静岡・願成就院 阿弥陀如来坐像、不動明王及び二童子立像、毘沙門天立像(重要文化財) – 文治2年(1186年)
神奈川・浄楽寺 阿弥陀三尊像、不動明王立像、毘沙門天立像(重要文化財) – 文治5年(1189年)
奈良・東大寺南大門 金剛力士立像(国宝) – 建仁3年(1203年)。運慶が中心となり、快慶、定覚、湛慶ら一門の仏師を率いて制作。
奈良・興福寺北円堂 弥勒仏坐像(国宝) – 建暦2年(1212年)。運慶の指導のもと源慶らが制作。
奈良・興福寺北円堂 無著菩薩・世親菩薩立像(国宝) – 建暦2年(1212年)。運慶の指導のもと運助、運賀らが制作。

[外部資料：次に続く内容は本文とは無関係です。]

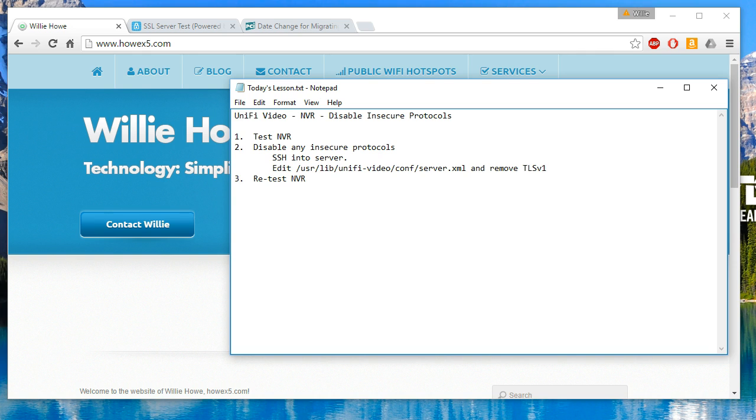Welcome to the video tutorial on how to disable insecure protocols on your Ubiquiti NVR. These instructions will work the same whether you're on a Ubiquiti hardware appliance or whether you built your own Linux NVR.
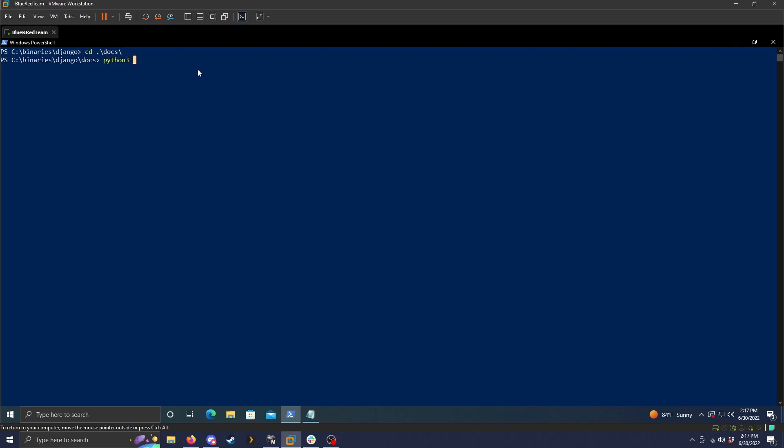So start with python3, you can do python, that's fine, dash m and then pipaudit. This is the base command that you would run if you're trying to check just all the installed packages on the machine. But since we're doing the requirements.txt file, we should specify dash r and then we're going to add the requirements.txt file name.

神奈川・称名寺光明院 大威徳明王像 - 建保4年(1216年)
■運慶作と推定される作品
作風、納入品、伝来などから運慶作と推定される作品として次のものがある。
和歌山・金剛峯寺 八大童子立像(国宝)-建久8年(1197年)
京都・六波羅蜜寺 地蔵菩薩坐像(重要文化財)
栃木・光得寺 大日如来坐像(重要文化財)
愛知・滝山寺 聖観音菩薩・梵天・帝釈天立像(重要文化財)-建仁元年(1201年)
個人蔵 大日如来坐像 – 2003年から2007年にかけて東京国立博物館に寄託されていた。『鑁阿寺樺崎縁起并仏事次第』に見える、樺崎寺安置の厨子に建久4年(1193年)銘のあった大日如来像に当たるもので、その作風やX線写真によって知られる像内納入品の状況から運慶作品と推定する説がある。
■運慶作とする説がある作品
奈良・東大寺俊乗堂 俊乗上人(俊乗房重源)坐像(国宝) – 造像に関する直接の史料がないが、その作風から運慶の作とする見方がある。
奈良・興福寺南円堂 四天王立像(国宝) 本来の安置堂宇について諸説があるが、興福寺北円堂の旧像とする説がある。とすれば、運慶指揮下に運慶子息4人が分担して(持国天-湛慶、増長天-康運、広目天-康弁、多聞天-康勝)制作した像に該当することになる。(出典: フリー百科事典『ウィキペディア(Wikipedia)』)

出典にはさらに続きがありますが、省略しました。